Report Debunks "Myth" About Crime and Well-Lit Streets
Marie Donlon | August 15, 2017Source: Bidgee / CC BY 3.0We’ve all been warned, particularly by our mothers, from a very young age to travel on well-lit streets to avoid the dangers lurking in the dark. Now, according to a report from Rice University's Kinder Institute for Urban Research, the amount of light on a street may have no bearing on a street’s safety after all.
The report titled "What Happens in the Shadows: Streetlights and How They Relate to Crime" looks at how the number of street lights on the streets of Houston impact crime. Comparing 2015 data about crime rates in the city to the number (high or low) of street lamps on Houston city streets, researchers found that crimes occurred without regard for concentrations of streetlights.
In fact, the results were surprising to researchers who found that streets with higher densities of light experienced roughly 60 percent more nonviolent (i.e., no use of force and no injury) crimes than streets with fewer light densities.
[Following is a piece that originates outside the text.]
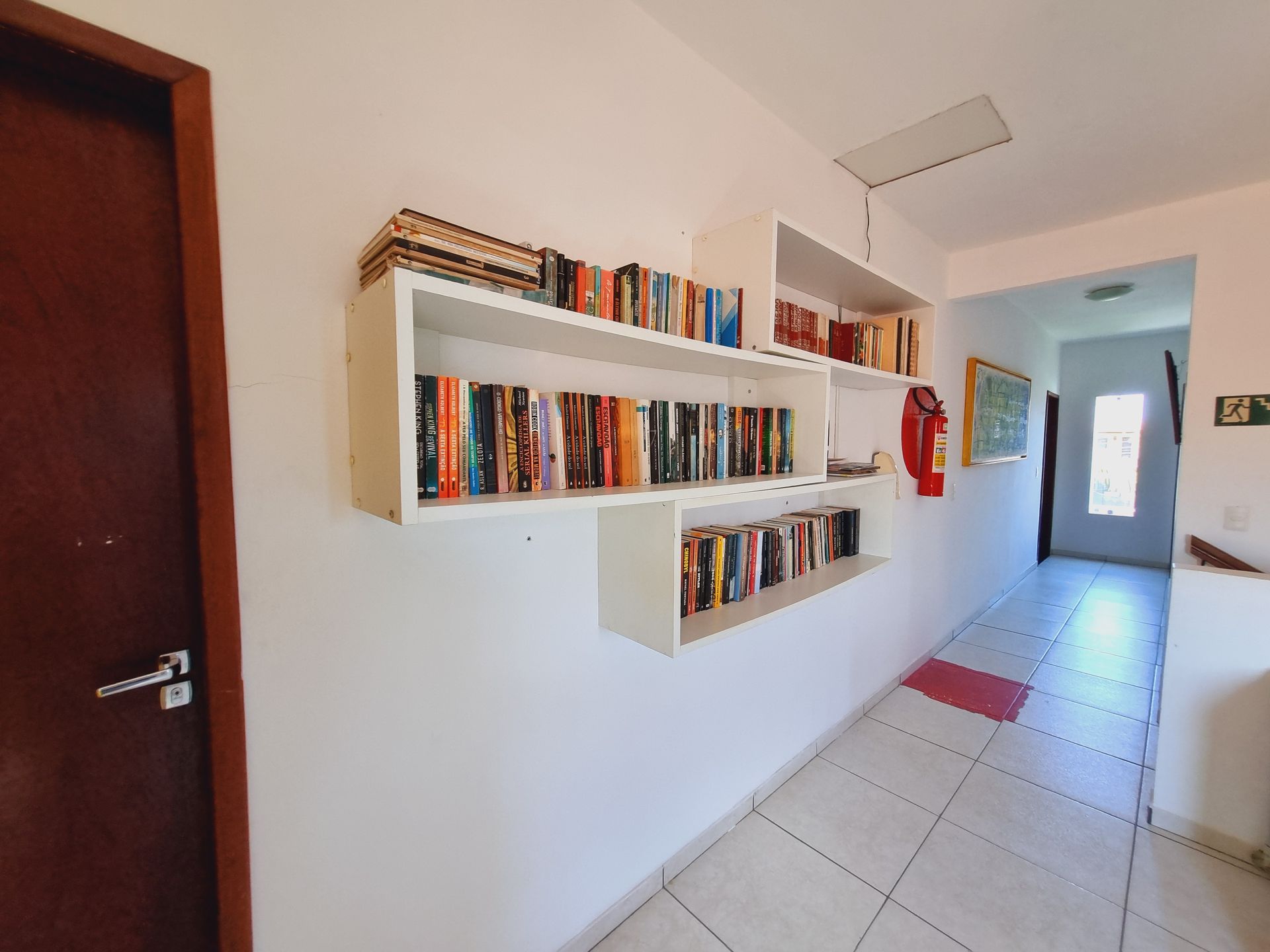 Um corredor com uma estante cheia de livros na parede. Pousada Cantinho da Melão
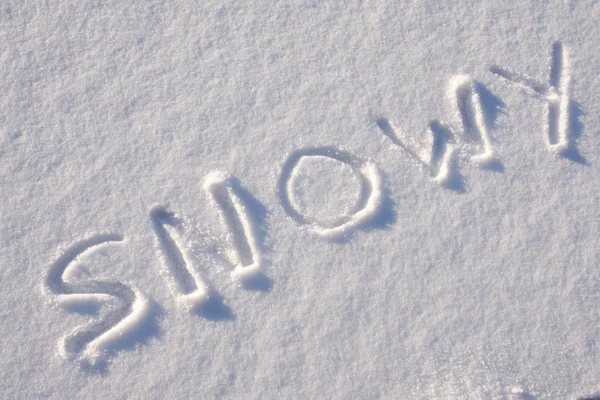 Intoetsen van tekst op de sneeuw — Stockfoto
“Our model estimates that on average, irrespective of racial/ethnic composition, neighborhoods with about one light per 100 feet experienced lower crime rates than those neighborhoods with two lights per 100 feet," said Julia Schedler, a graduate student in the Department of Statistics at Rice, a student assistant for the Kinder Institute's Urban Data Platform and one of the paper's authors. "However, the magnitude of this difference varies by a neighborhood's racial composition. Both majority-black and majority-white areas are estimated to experience about one additional nonviolent crime on average, and majority-Hispanic areas are estimated to experience less than one additional nonviolent crime (0.62) on average. Areas with no ethnic majority have the most dramatic increase—about 2.5 additional nonviolent crimes on average. We did not find evidence of a clear relationship between streetlight density and violent crime."
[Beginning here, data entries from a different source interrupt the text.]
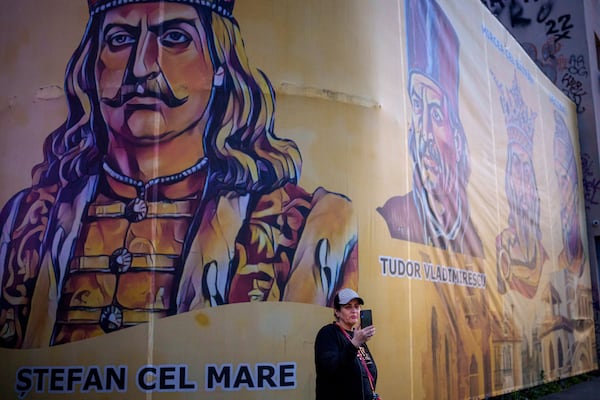 A woman holds up a mobile phone backdropped by depictions of Romanian historical figures outside the headquarters of the Alliance for the Unity of Romanians (AUR) shortly before polls close in the first round of the country's presidential election redo in Bucharest, Romania, Sunday, May 4, 2025. (AP Photo/Andreea Alexandru)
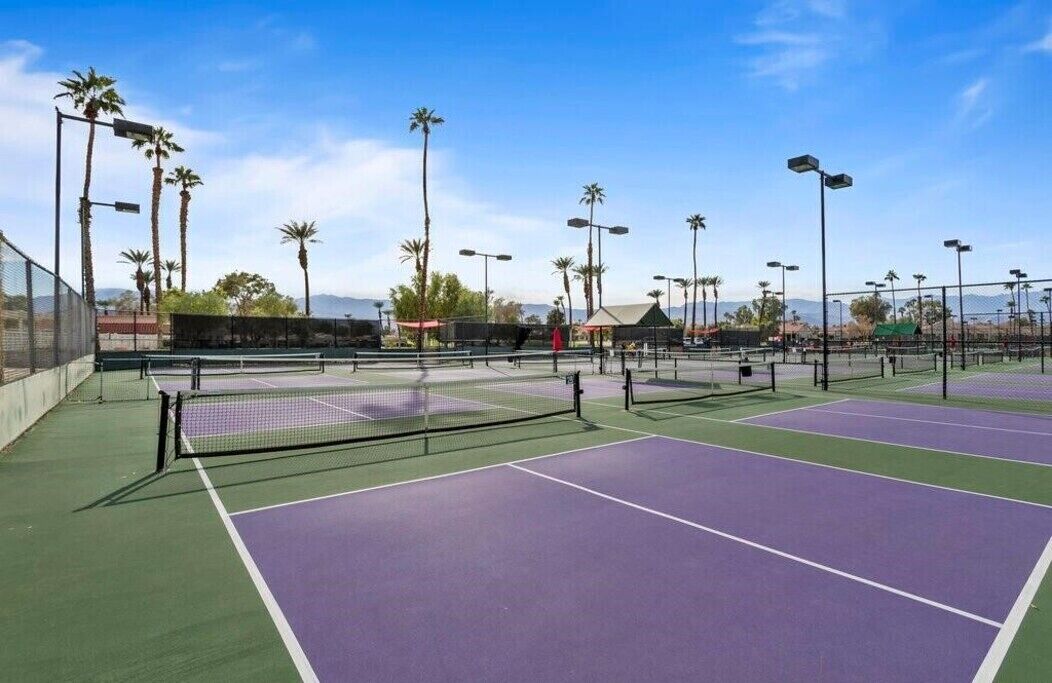 A tennis court with multiple courts, surrounded by palm trees and a clear sky.
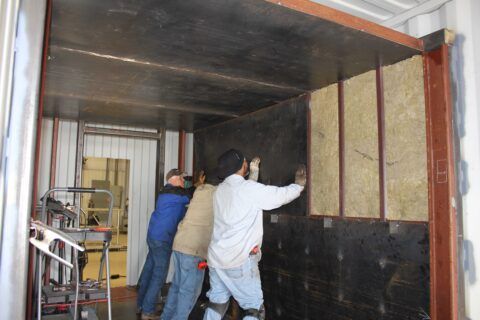 A group of men are working on a wall in a building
Researchers plan to expand on the research considering factors affecting crime such as property values, distance to commercial areas and median household income.
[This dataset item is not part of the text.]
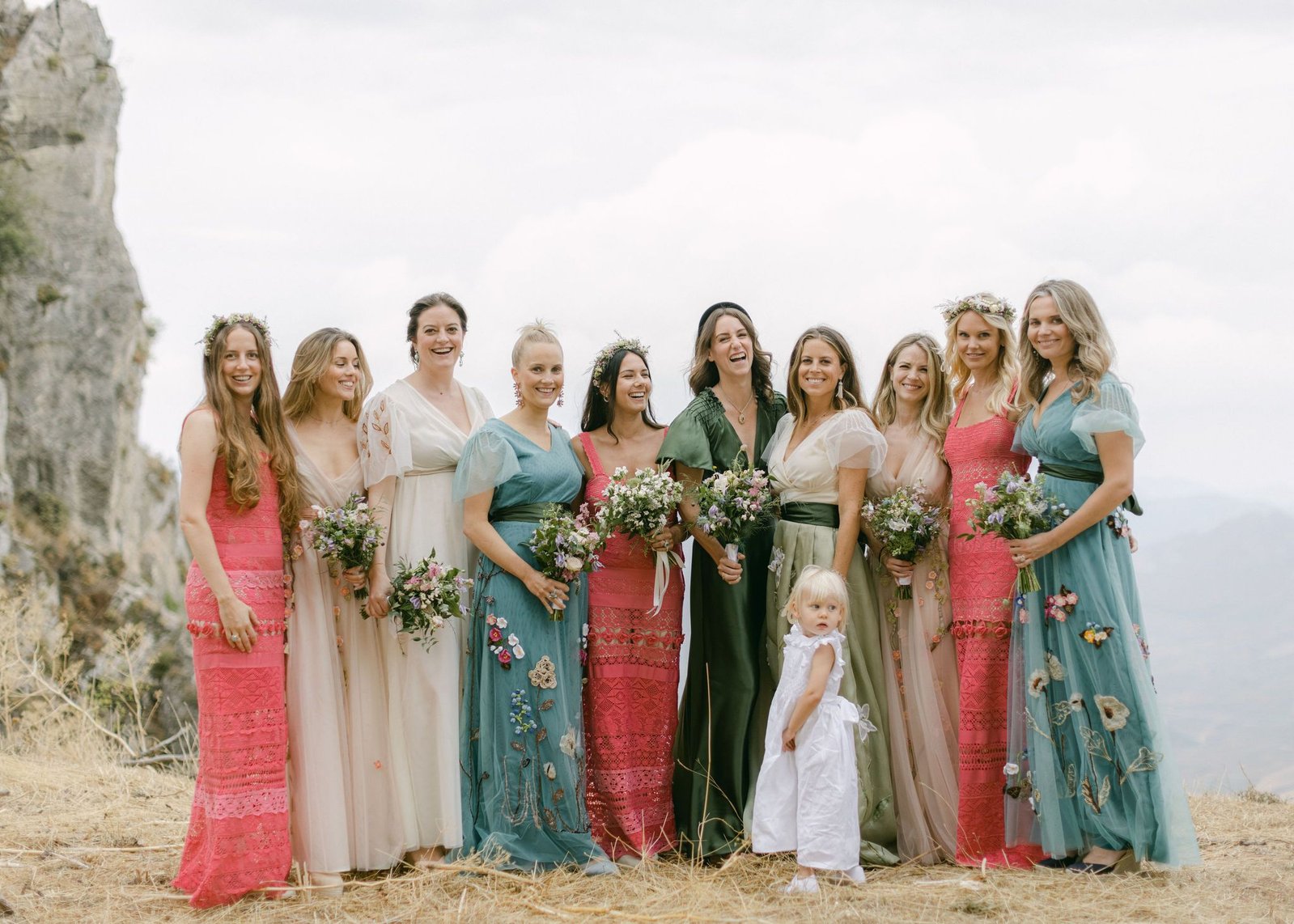 Ten bridesmaids stand together with a blonde haired flower girl on a hilltop in Sicily. They are all holding a bouquet of flowers each smiling into the camera.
This must mean that more people walk on well lit streets as opposed to dark unlit roads. That must also mean criminals go where there is more likely to be victims. That's a finding that positively answers one of life's great mysteries for me personally. I think this previously unknown finding requires further study with a very large government grant so that university professors can study the phenomena and write papers on such nonsense to prove that this is indeed the case.
This is not the first time that such a study has been made and both came up with similar results. Lighting is put up to reduce the FEAR of the crime, not just the crime itself.